Clustering coefficient with parallel edges

Hi Tiago,

I was recently comparing the behavior of the clustering coefficient in
different graph libraries and I was surprised by the results given by
graph-tool with parallel edges:

    import graph_tool as gt
    from graph_tool.clustering import local_clustering
    from graph_tool.stats import remove_parallel_edges

    num_nodes = 5
    edge_list = [(0, 3), (3, 0), (1, 0), (0, 1), (1, 2), (2, 1), (2, 4),
    (4, 2), (4, 1), (1, 4), (4, 3), (3, 4)]

    g = gt.Graph()

    g.add_vertex(num_nodes)

    g.add_edge_list(edge_list)

    print(local_clustering(g, undirected=False).a)
    print(local_clustering(g, undirected=True).a)

    g.set_directed(False)
    remove_parallel_edges(g)
    print(local_clustering(g, undirected=True).a)

Gives:

    [0. 0.33333333 1. 0. 0.33333333]
    [0. 0.26666667 0.66666667 0. 0.26666667]
    [0. 0.33333333 1. 0. 0.33333333]

And I must say I was expecting the same result for all three ^^

The graph:

From what I understand, then, it seems that, when using
undirected=True, graph-tool considers reciprocal edges as two different
ones and considers the possible triangles between parallel edges as
distinct.

Is this desired behavior, and if so, why?
I know it stems from the mathematical formula, but I think this one was
derived from simple graphs and I'm not sure I see the physical meaning
of the "extension" to parallel edges, besides the fact that it would
perhaps give the same result as weighting the edges by their number.
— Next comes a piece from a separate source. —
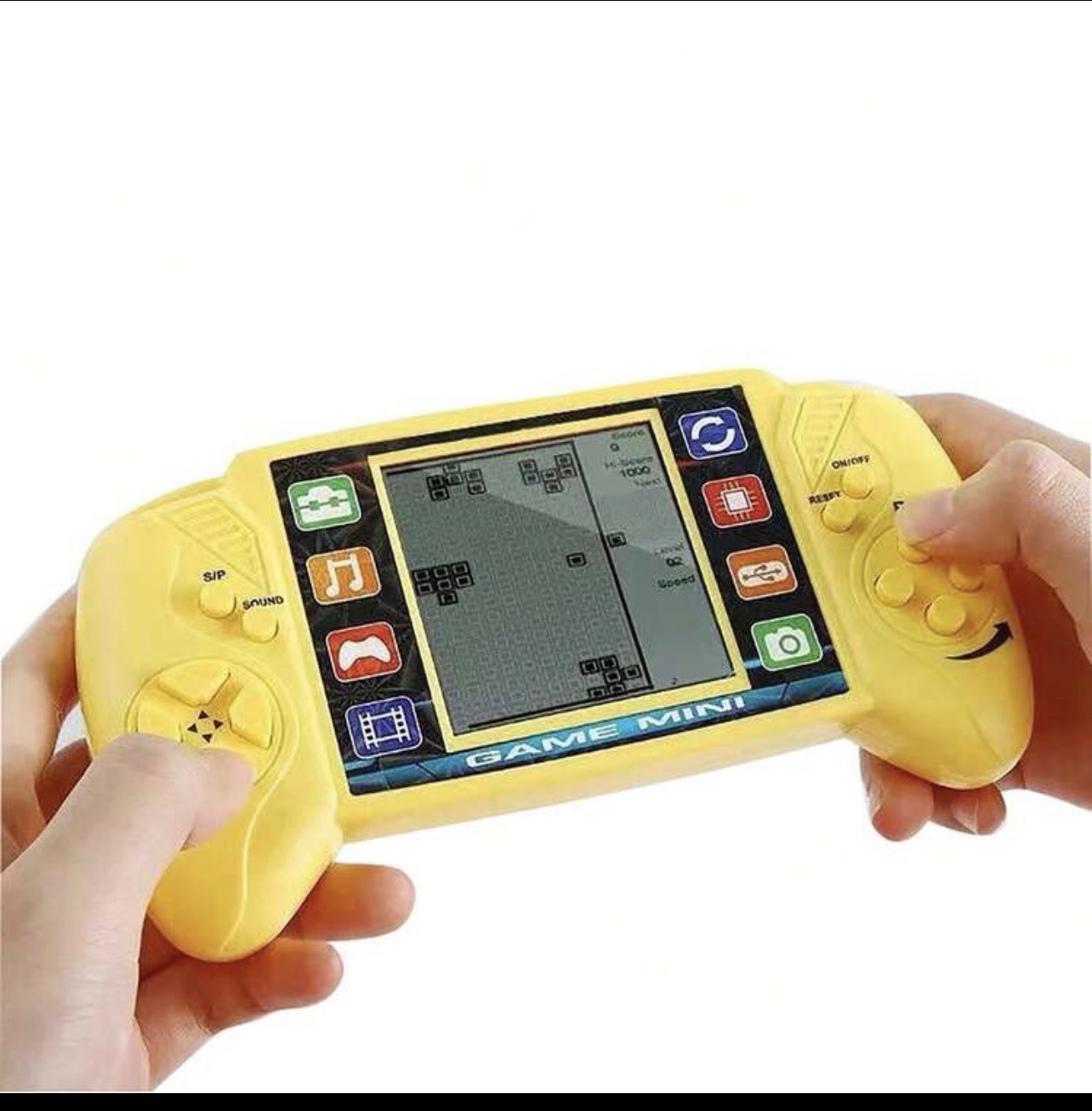 23 In 1 Handheld Game Console With Large Screen Requires 2AA Batteries Retro Toy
If this is indeed desired, is there a quick way to do the equivalent of
setting the graph to undirected and removing the parallel edges in
"view-mode" (i.e. making the removal temporary, like a filter)?
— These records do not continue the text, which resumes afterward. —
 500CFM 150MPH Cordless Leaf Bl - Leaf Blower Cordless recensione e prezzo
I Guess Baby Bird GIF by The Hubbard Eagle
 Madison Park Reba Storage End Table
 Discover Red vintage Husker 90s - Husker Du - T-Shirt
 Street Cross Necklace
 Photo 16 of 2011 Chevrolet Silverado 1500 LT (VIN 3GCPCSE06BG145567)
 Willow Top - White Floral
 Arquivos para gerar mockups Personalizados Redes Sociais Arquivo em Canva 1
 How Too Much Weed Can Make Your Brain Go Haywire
Thanks in advance for your help and for your work on graph-tool.

Best,
Tanguy

attachment.html (2.88 KB)

jhjjilnoicknoeba.png

From what I understand, then, it seems that, when using undirected=True,
graph-tool considers reciprocal edges as two different ones and
considers the possible triangles between parallel edges as distinct.

Is this desired behavior, and if so, why?> I know it stems from the mathematical formula, but I think this one was
derived from simple graphs and I'm not sure I see the physical meaning
of the "extension" to parallel edges, besides the fact that it would
perhaps give the same result as weighting the edges by their number.
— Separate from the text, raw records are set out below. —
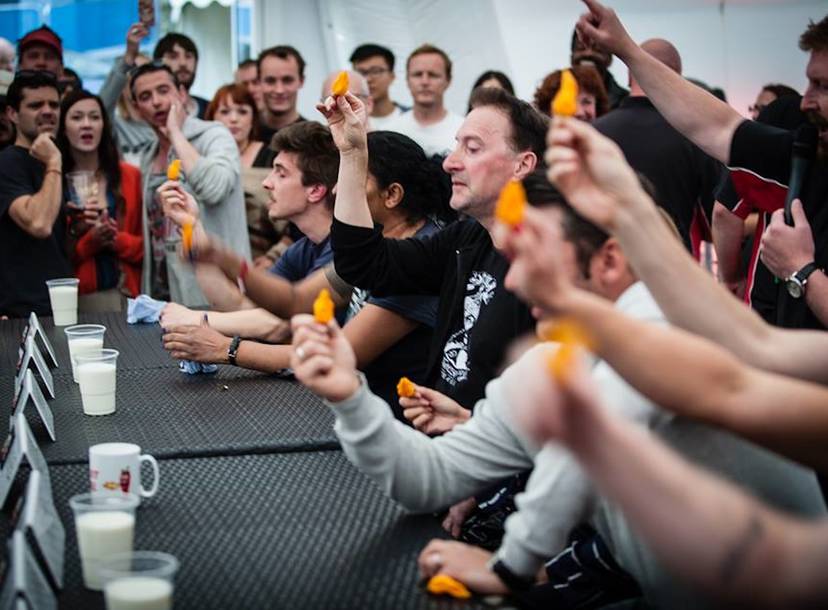 Spicy Food Challenges: World's Hottest Pepper-Eating Contests - Thrillist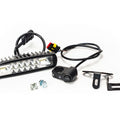 Stomp Ebox EBX RS headlight, front view, product image on white background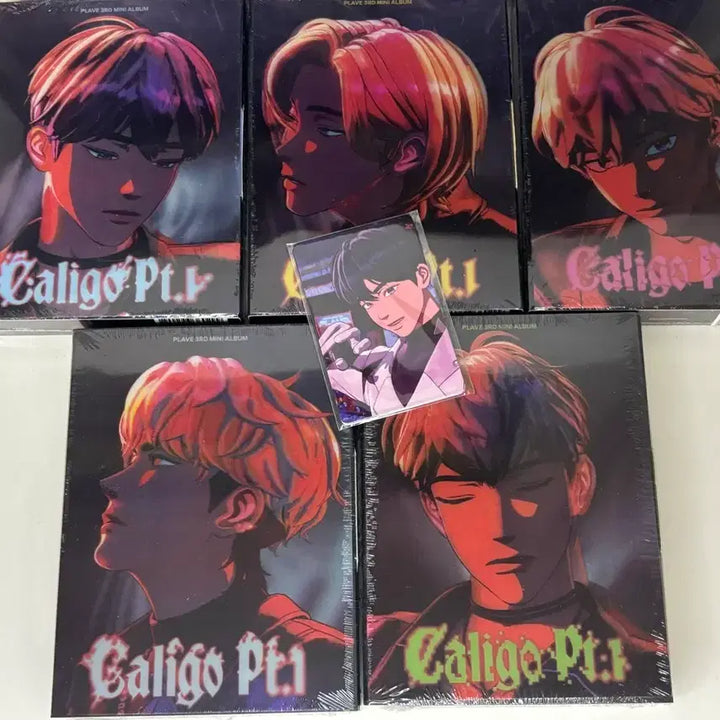 [BUNJANG] PLAVE Caligo Pt.1 Vanguard Sealed Universal POB Bundle Set / 플레이브 칼리고 Pt.1 뱅가드 미개봉 원가이하 유니버셜 미공포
Yes, it's desired behavior.

Ignoring parallel edges would have complicated and slowed down the code,
and in any case can be easily implemented by the user (see below), who
should have something specific in mind when attempting to compute the
value for multigraphs.

If this is indeed desired, is there a quick way to do the equivalent of
setting the graph to undirected and removing the parallel edges in
"view-mode" (i.e. making the removal temporary, like a filter)?

Yes, just use:

  u = GraphView(g, directed=False)
  GraphView(u, efilt=label_parallel_edges(u).fa == 0)

Best,
Tiago

Hi Tiago,

thanks for the quick and precise answer!

Yes, it's desired behavior.

Ignoring parallel edges would have complicated and slowed down the code,
and in any case can be easily implemented by the user (see below), who
should have something specific in mind when attempting to compute the
value for multigraphs.

OK, do you think it would be relevant to include it in the documentation?
It was not very obvious to me...

If this is indeed desired, is there a quick way to do the equivalent of
setting the graph to undirected and removing the parallel edges in
"view-mode" (i.e. making the removal temporary, like a filter)?

Yes, just use:

   u = GraphView(g, directed=False)
   GraphView(u, efilt=label_parallel_edges(u).fa == 0)

Works like a charm, thank you!

Best,
Tanguy

But doesn't the function compute exactly what it says in the documentation?

But doesn't the function compute exactly what it says in the documentation?

It does, but one needs to know what the undirected=True implies for the
graph, otherwise the result is surprising (or just not what one's think
one is computing, if not working on a super simple test graph where it
is easy to check).

I think some people might end up not noticing and therefore would not
compute what they think they are computing...

Best,
Tanguy

But doesn't the function compute exactly what it says in the
documentation?

It does, but one needs to know what the undirected=True implies for the
graph, otherwise the result is surprising (or just not what one's think
one is computing, if not working on a super simple test graph where it
is easy to check).

It is consistent with how directionality is implement in graph-tool,
which preserves the total number of edges. Furthermore, the concept of
multigraph vs simple graph is orthogonal to directed vs undirected graphs.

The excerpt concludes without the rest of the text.